FAQS

Frequently asked questions

Category: Obligation to Designate an Art. 27 EU Rep

Must you designate an Art. 27 Rep?

Must you designate an Art. 27 Rep?

Yes, if your organisation isn’t established in the EU or UK  and your processesing* activities relate to:

  • offering goods or services to persons in the EU or UK, irrespective of payment
  • monitoring a person’s behaviour that takes place within the EU or UK

*UNLESS processing is only occasional, does not include, on a large scale, the processing of sensitive personal data that reveals racial or ethnic origin, political opinions, religious or philosophical beliefs, or trade union membership, and the processing of genetic data, biometric data for the purpose of uniquely identifying a natural person, data concerning health or data concerning a natural person’s sex life or sexual orientation, or processing personal data relating to criminal convictions and offences, and the processing is unlikely to result in a risk to the rights and freedoms of natural persons, taking into account the nature, context, scope and purposes of the processing; or is a public authority or body.

Is Art. 3(1) ‘establishment’ triggered?

Is Art. 3(1) ‘establishment’ triggered?

No. Organisations that designate Art. 27  Reps do not fall within the scope of Art. 3(1).

This means that the presence of the Art. 27 Rep within the EU or UK does not constitute an ‘establishment’ of a controller or processor as described in Article 3(1).

Can a DPO also be the Art. 27 Rep?

Can a DPO also be the Art. 27 Rep?

No. The data protection officer (DPO) role is in direct conflict with the Art. 27 EU Rep role as the Art. 27 EU Rep must follow the data controller’s direct instructions, which may come from the DPO creating a conflict of interest.

Furthermore, DPOs must be able to perform their tasks in an independent manner within their organisation. This excludes receiving direct instructions regarding the exercise of their tasks. The Art. 27 EU Rep is explicitly designated by a written mandate to act on behalf of the organisation with regard to its GDPR obligations, which will include written instructions.

Category: Administrative Fines

What are the consequences for not having an Art. 27 Rep?

What are the consequences for not having an Art. 27 Rep?

Fines. Organisations subject to GDPR Art. 27 could be reprimanded by data protection authorities or alternatively be ordered to cease processing personal data of EU & UK based individuals.

The administrative fine for a breach of Art. 27, is the greater of either Two (2%) per cent of global turnover or Ten Million Euros (EUR 10,000,000). the penalty in sterling I set but the Bank of England on the day the UK data protection authority’s penalty notice is given.

Legal proceedings may be brought by NGOs representing EU individuals claiming organisations infringed the GDPR and exercise the right to receive compensation on the individual’s behalf per Articles 80-83.

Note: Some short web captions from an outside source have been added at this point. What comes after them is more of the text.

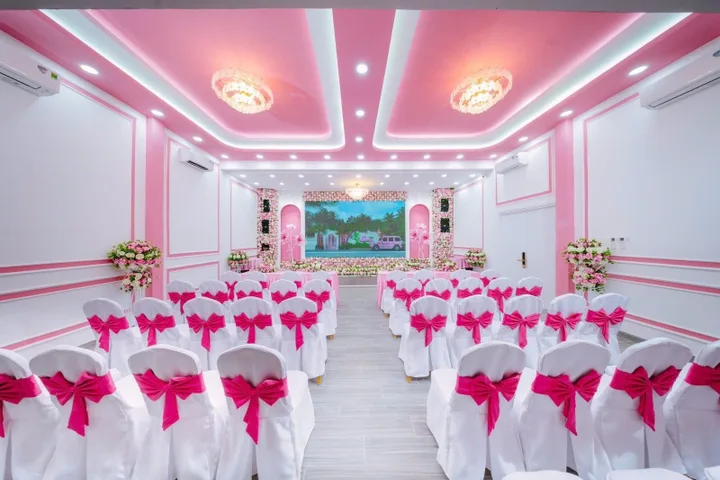 Bán Khách sạn 715m2 có sẵn 715 m2 thổ cư giá 66 tỷ tại Đường Trung Mỹ Tây 13 Phường Trung Mỹ Tây Quận 12 TP. Hồ Chí Minh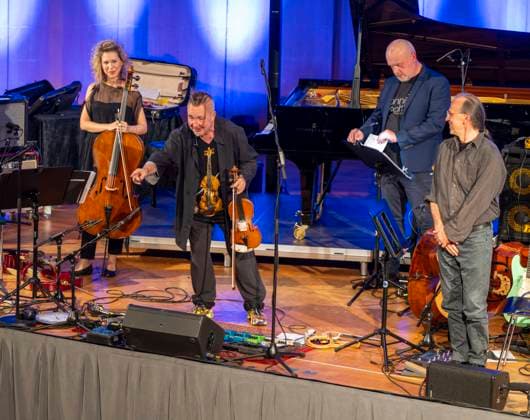 27 09 2023, International Classical Festival Festival of Nations 2023, at the Kurhaus Bad Wörishofen in Unterallgäu, The British violinist Nigel Kennedy mitte friends, li cellist Beata Urbanek Kalinowska 27 09 2023, Classical Festival Bad Wörishofen 27 09 2023, Classical Festival Bad Wörishofen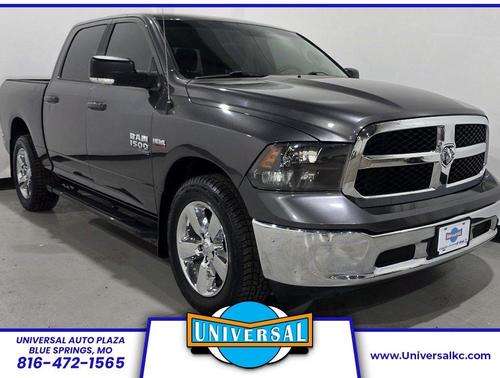 2019 RAM 1500 SLT
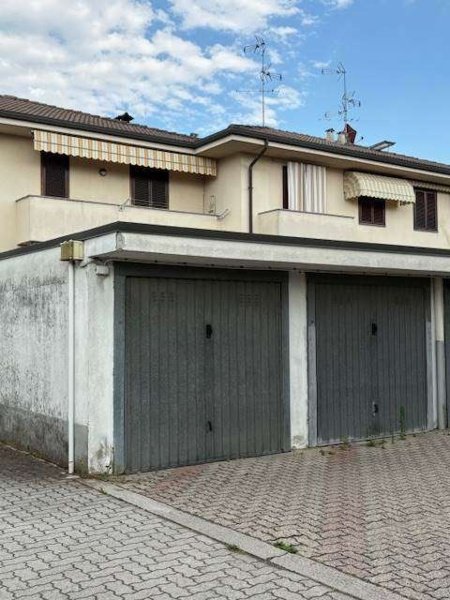 casa indipendente in vendita a Cameri in zona Nivellina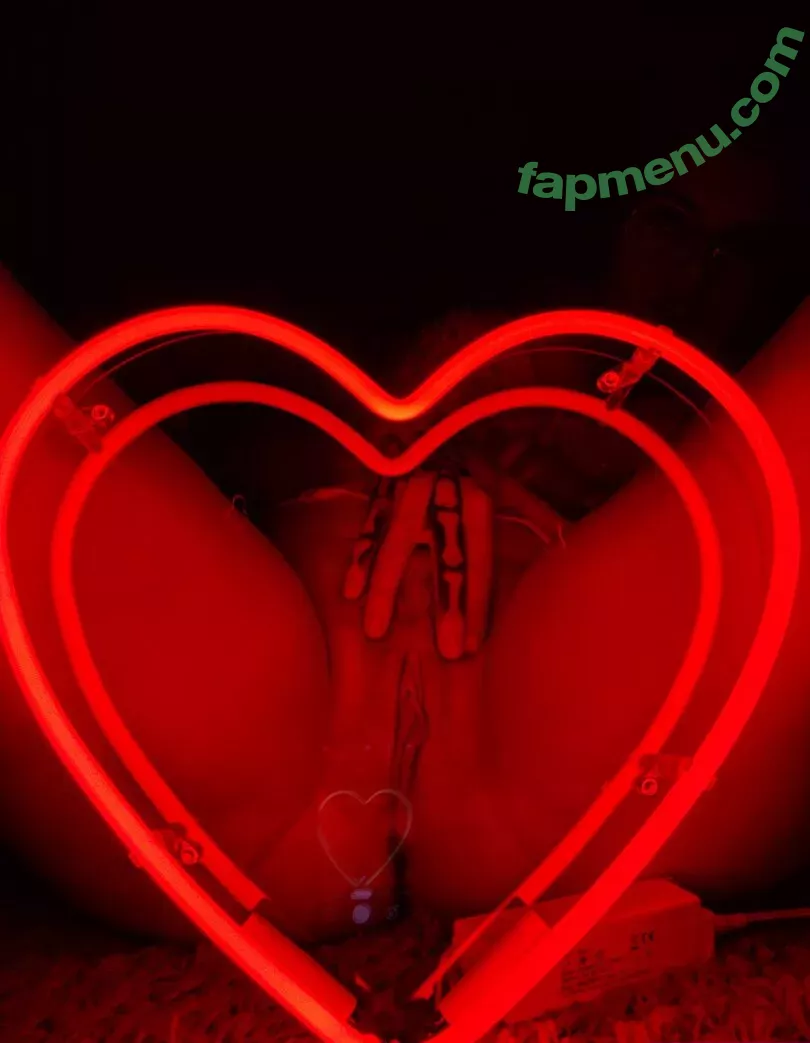 missmarilynxx nude photo #0427 (margotthr0bbie)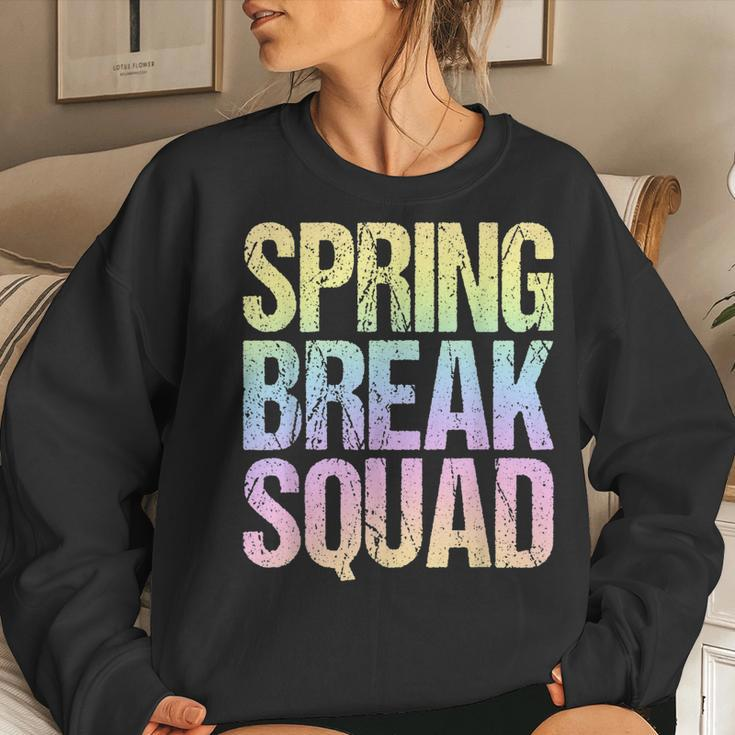 2023 Spring Break Squad Pastel Rainbow Vintage Graphic Sweatshirt Gifts for Her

Can clients shift fines for breach of GDPR onto their Art. 27 Rep?

Can clients shift fines for breach of GDPR onto their Art. 27 Rep?

No. The European Data Protection Board (EDPB) guideline dated November 2018 noted that Art. 27 Reps can face enforcement actions in the same way as controllers and processors, including the possibility to impose administrative fines and penalties, and to hold the Art. 27 Rep liable but this does not mean that clients just shift their liability onto their Art. 27 Reps. Specifically, GDPR recital 80 states: “The designation of such a representative does not affect the responsibility or liability of the controller or of the processor under this Regulation. Such a representative should perform its tasks according to the mandate received from the controller or processor, including cooperating with the competent supervisory authorities with regard to any action taken to ensure compliance with this Regulation. The designated representative should be subject to enforcement proceedings in the event of non-compliance by the controller or processor.”

Category: Language & Location Options

What about non-English languages?

What about non-English languages?  

The European Data Protection Board (EDPB) indicated in its November 2018 guideline that the representative should be available to communicate with data subjects and supervisory authorities in their languages. They can rely on a team to communicate in the local language and as required by local law.  

 Most EU member state residents and supervisory authorities are comfortable communicating in the English language.  

Why an Art. 27 EU Rep in U.K?

Why an Art.27 Rep in U.K.

The U.K. Information Commissioner’s Office is highly respected around the globe. It is experienced in addressing and resolving very complex data privacy issues.

Art. 27 EU Rep for in every EU country?

Art. 27 EU Rep for in every EU country?

Organisations are only required to have one Art. 27 EU Rep, as per Article 27(3) which foresees that representatives ‘shall be established in one of the Member States where the data subjects… are.’

The European Data Protection Board in their November 2018 guideline on territoriality indicated that the Art. 27 EU Rep must remain easily accessible for data subjects in EU countries where the Art. 27 Rep is not established.

Organisations focusing on data subjects located in multiple EU countries where diverse languages are spoken, may wish to designate their Art. 27 EU Rep in a member state where English is a recognised language.